- _TASK TO COMPLETE_: With the pictures omitted, repeat exactly the lines below starting with the line that has "Deluxe-huone Soveltuu Liikuntarajoitteisille, Beverly" and going on through the line that has "switch-fiat-punto-199_-2012-31435651 main image".

————————

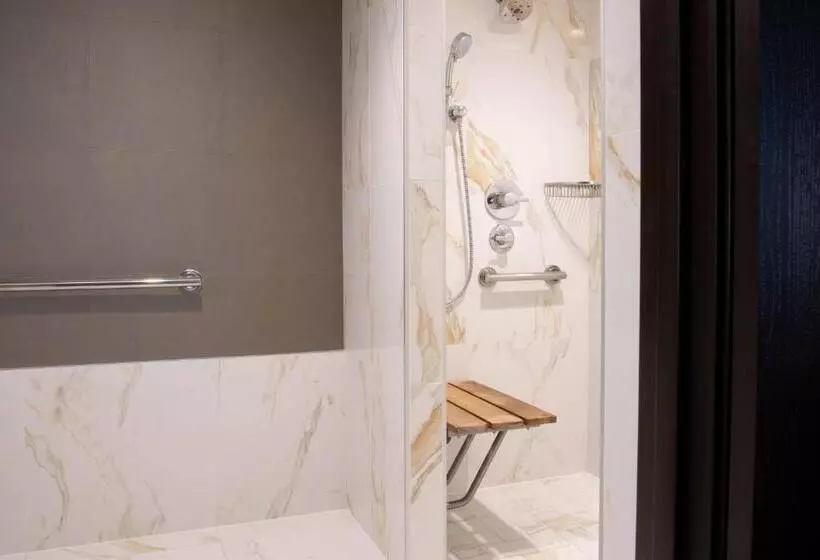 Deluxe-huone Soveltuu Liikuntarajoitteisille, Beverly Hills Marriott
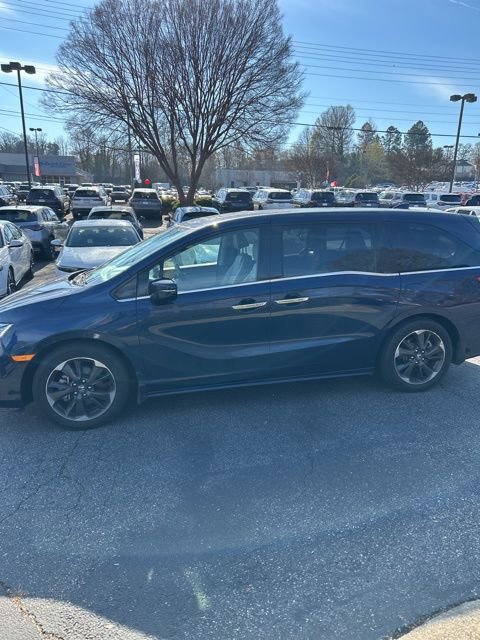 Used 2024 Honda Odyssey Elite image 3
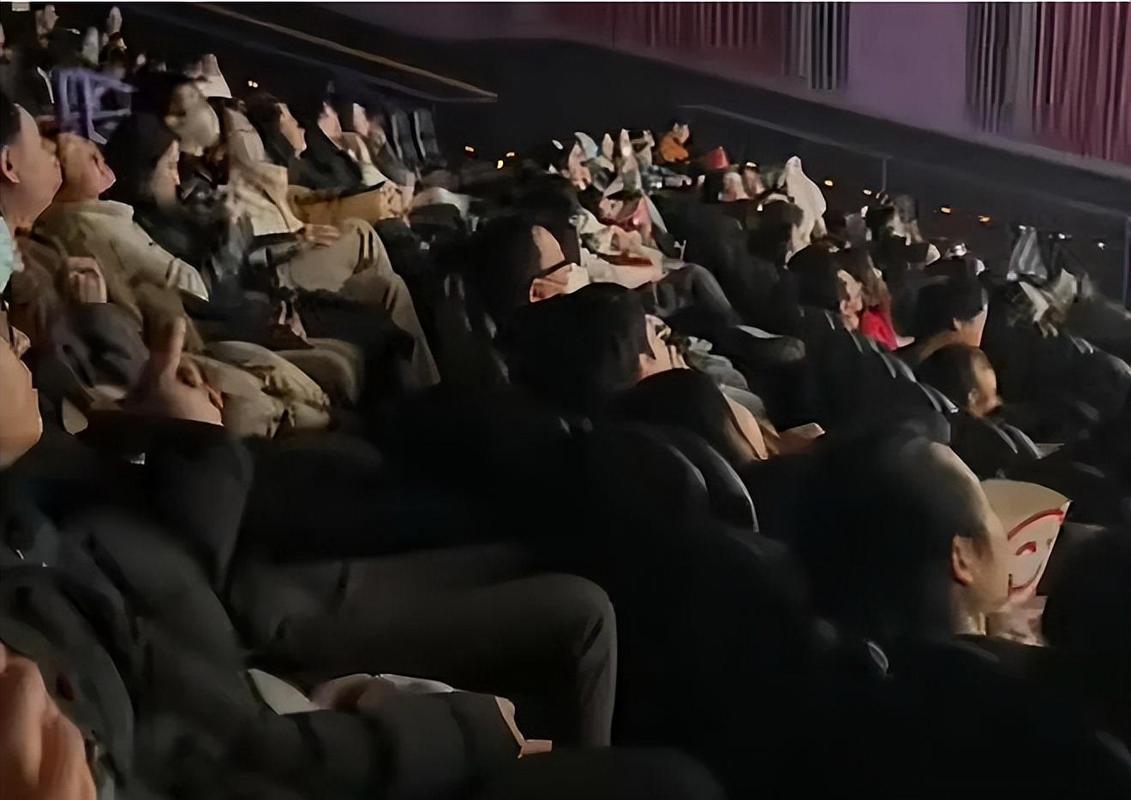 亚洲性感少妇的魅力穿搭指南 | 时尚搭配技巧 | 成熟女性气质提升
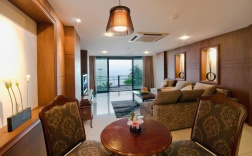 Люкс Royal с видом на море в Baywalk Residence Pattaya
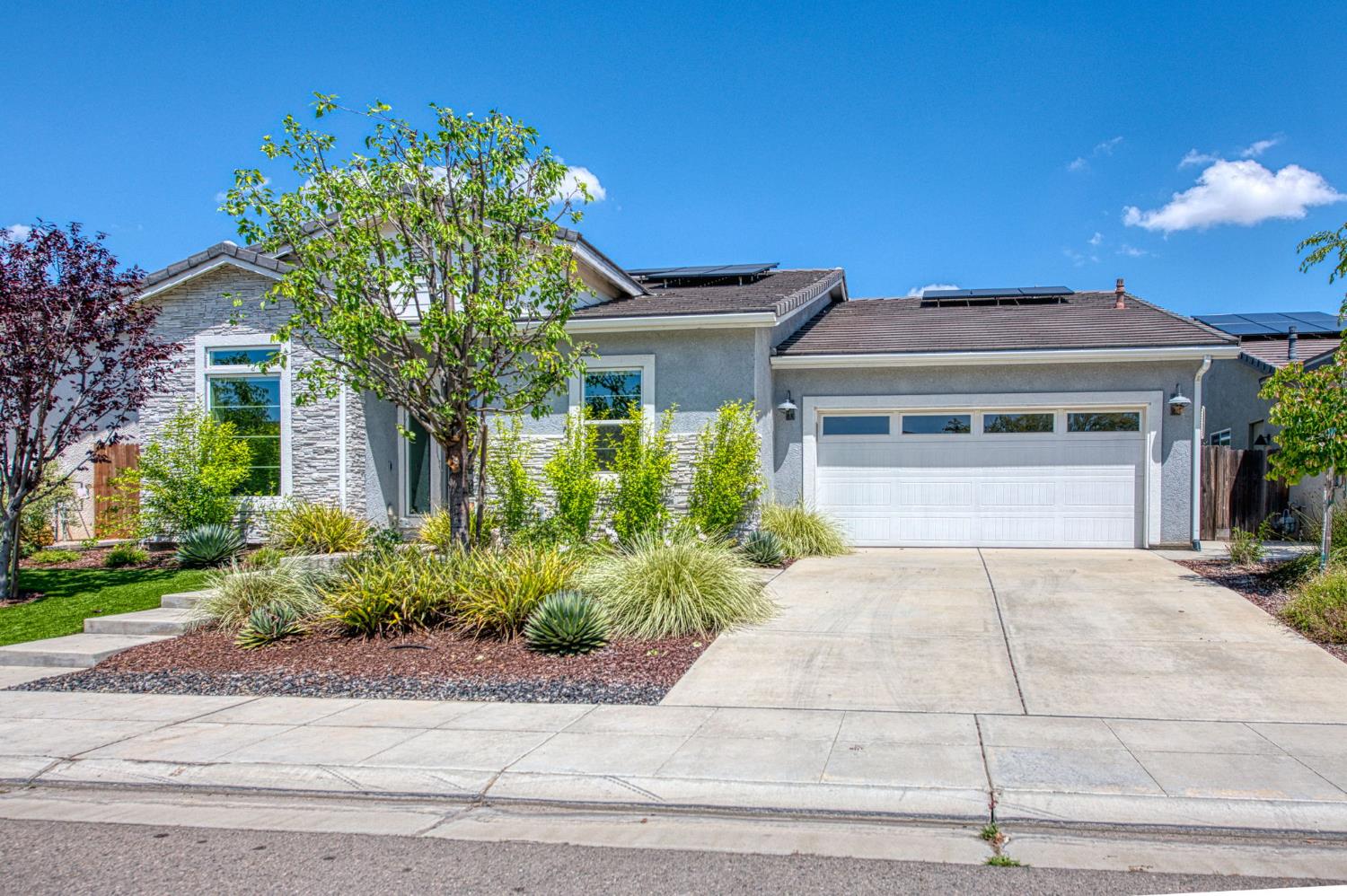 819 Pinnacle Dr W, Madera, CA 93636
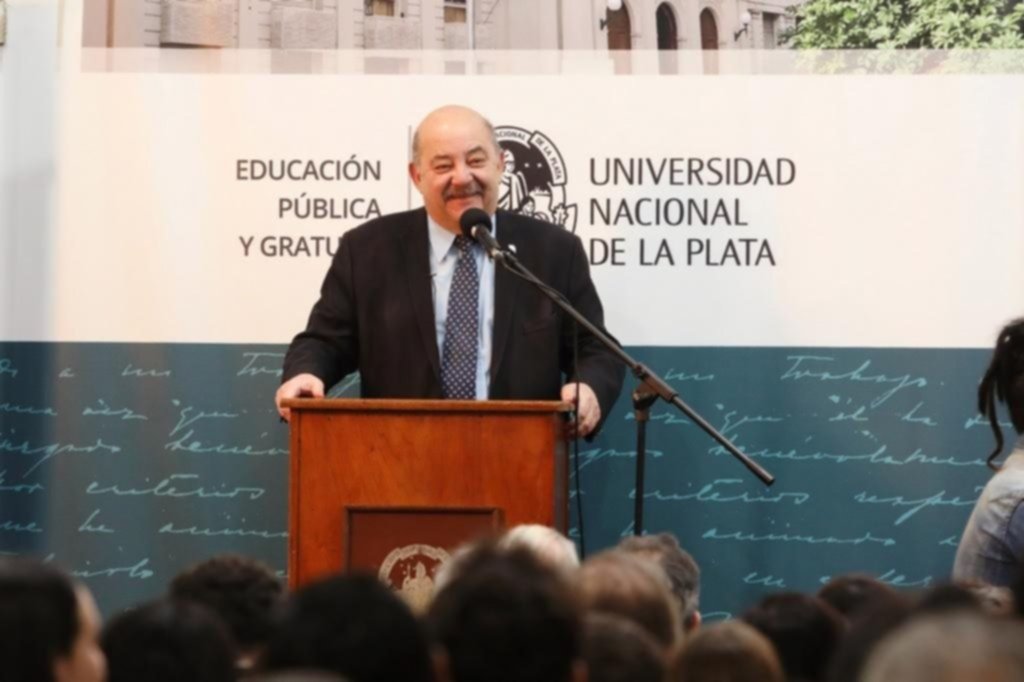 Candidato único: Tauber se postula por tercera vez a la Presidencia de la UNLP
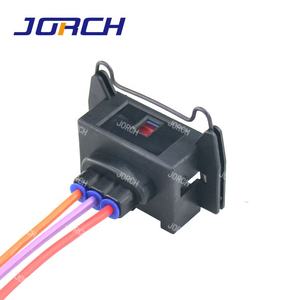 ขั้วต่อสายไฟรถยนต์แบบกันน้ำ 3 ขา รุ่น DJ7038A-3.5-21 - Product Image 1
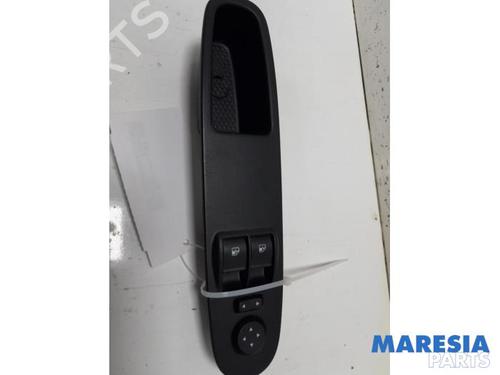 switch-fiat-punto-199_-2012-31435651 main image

————————

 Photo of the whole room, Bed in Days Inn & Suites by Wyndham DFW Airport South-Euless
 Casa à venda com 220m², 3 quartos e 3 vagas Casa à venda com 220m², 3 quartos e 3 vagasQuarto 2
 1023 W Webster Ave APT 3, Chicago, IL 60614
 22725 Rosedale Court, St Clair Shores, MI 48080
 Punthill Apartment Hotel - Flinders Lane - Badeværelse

————————

- _RESULT OF THIS EXERCISE_:
 Deluxe-huone Soveltuu Liikuntarajoitteisille, Beverly Hills Marriott
 Used 2024 Honda Odyssey Elite image 3
 亚洲性感少妇的魅力穿搭指南 | 时尚搭配技巧 | 成熟女性气质提升
 Люкс Royal с видом на море в Baywalk Residence Pattaya
 819 Pinnacle Dr W, Madera, CA 93636
 Candidato único: Tauber se postula por tercera vez a la Presidencia de la UNLP
 ขั้วต่อสายไฟรถยนต์แบบกันน้ำ 3 ขา รุ่น DJ7038A-3.5-21 - Product Image 1
 switch-fiat-punto-199_-2012-31435651 main image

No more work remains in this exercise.